It occurred to me today, on this third anniversary of the Iraq war, that the press seems to be resting on its collective laurels a bit.
When the war got going, and we were seeing video bits of spectacular explosions, lighting up the Iraqi skies, the press constantly referred to every city in Iraq as "The holy city of ..." Now, if this was out of some sort of fawning reverence to all things Islam, or even out of respect for "the people of Iraq", they would still be using those four words in reference to the towns.

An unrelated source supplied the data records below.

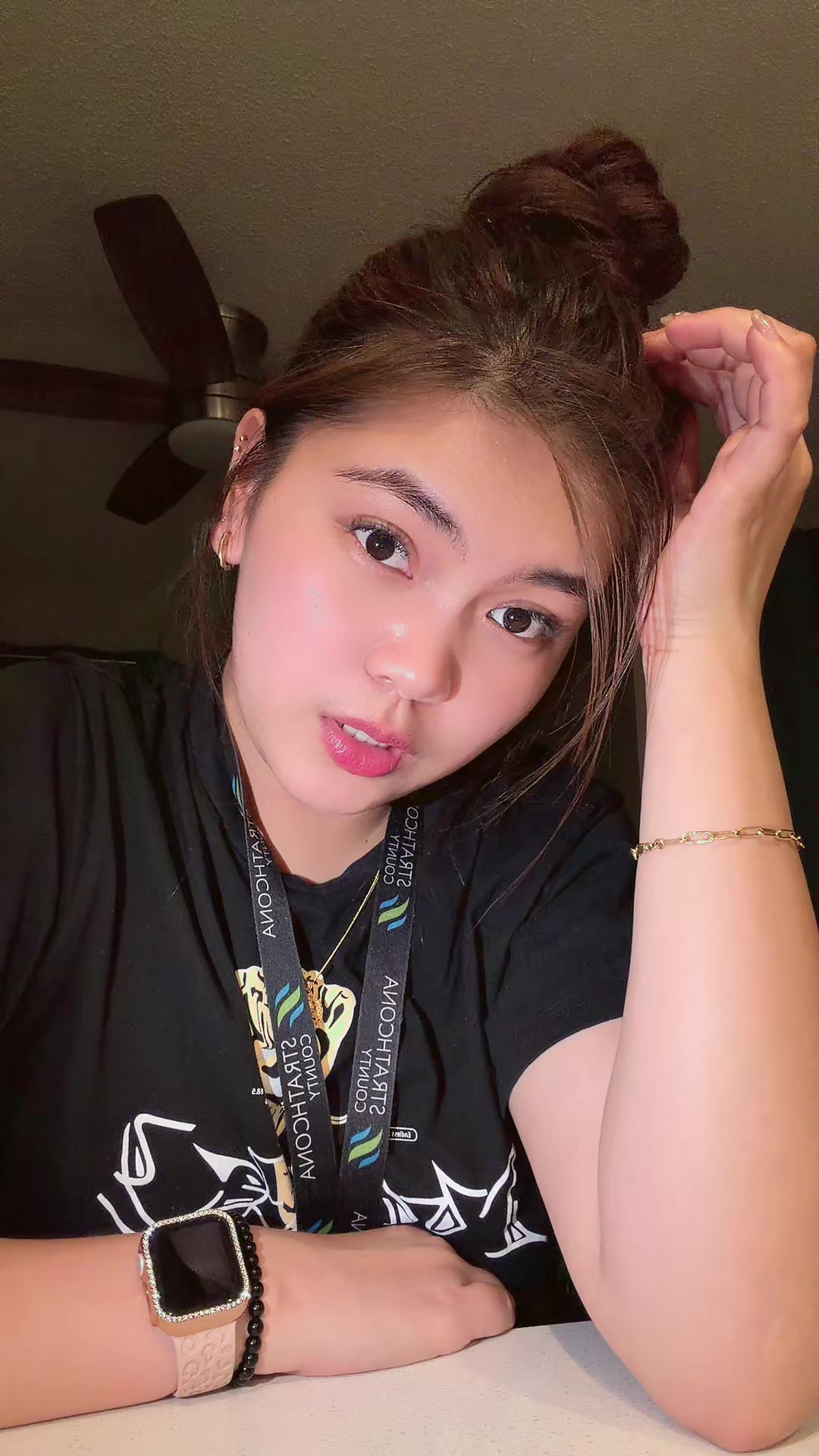 @missielucky11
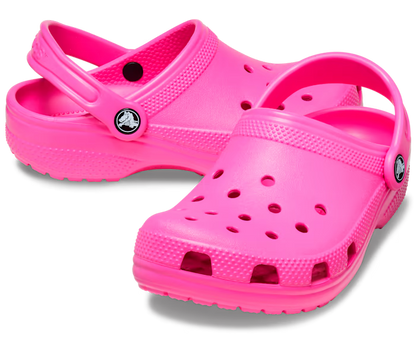 crocs-gallery-color:juice; color:Juice; alt:ALT110; file:206991_6UB-ALT110
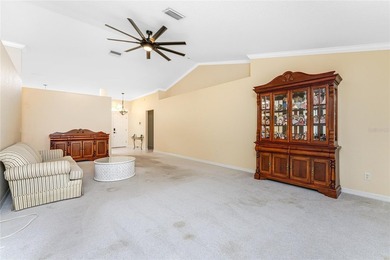Motivated Seller!! Welcome home to this beautifully maintained - photo 13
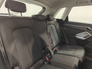 2023 AUDI Q3 35 TDI 150 S-TRONIC SE 4DR AUTO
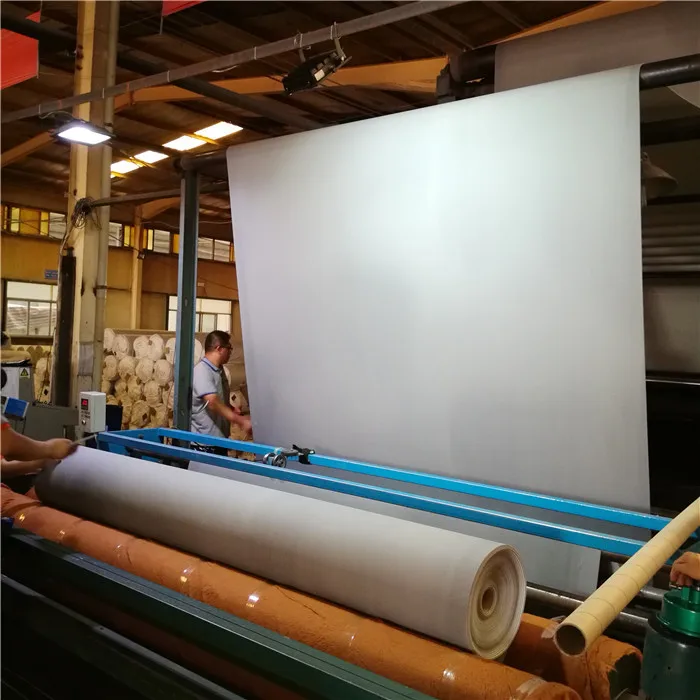 blank sublimation carpet.jpg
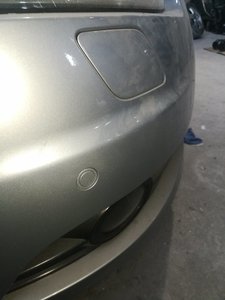 IMG_20200520_164422.jpg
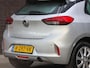Opel Corsa 75pk | Stuurverwarming | Parkeersensoren achter | Apple carplay/android auto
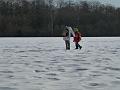 09jan_sm_vancouver_P1020577
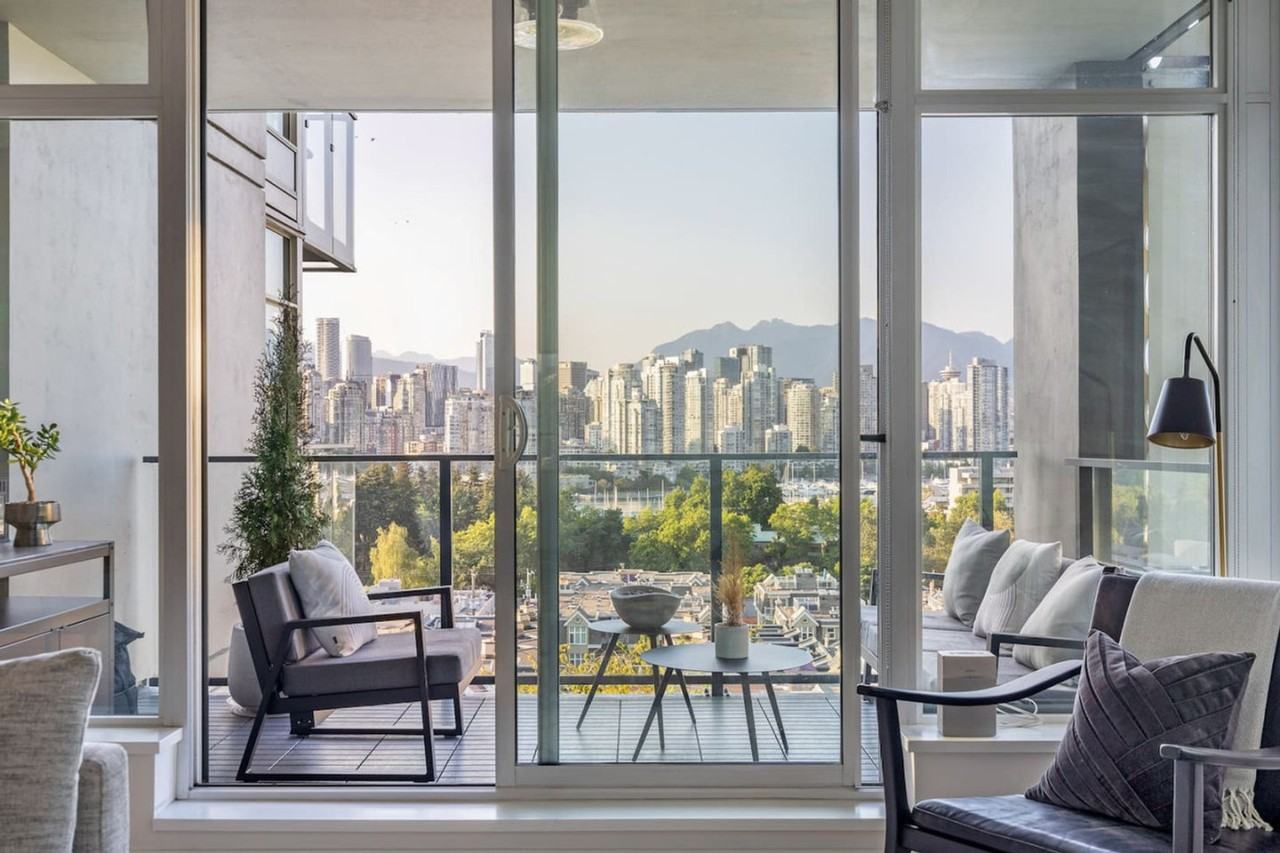 728 West 8th Ave #1051903P - Photo 6 of 31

Since they have taken, over the last year or more, to merely calling the cities by their name, without the distinguishing preamble, one might ask why. I believe the answer is this:
The press couldn't care less if any city or site, in any country, is considered holy. I've never heard "The holy city of Tel Aviv was bombed today..." The reason they kept tagging on "The holy city of..." was to make it sound that somehow we were the bad guys, bombing "holy sites", not terrorists or the followers of a maniacal dictator (who were 'spiritually sensitive' enough to hide in mosques, often behind children, hoping to avoid their doom). Remember, Bush bad, any other world leader, no matter how murderous, good. So why not fuel the fire by pronouncing every military target "holy"? Now that they've done their job, they've made it look like only bad things happen in Iraq, there's an increasing anti-war (and anti-Bush) sentiment growing, there's no need to mention "holy" anymore. It probably came as a relief to not have to utter that word anymore. Because in America, when someone says "holy" the Judeo-Christian deity springs to mind. And we can't have that, now, can we.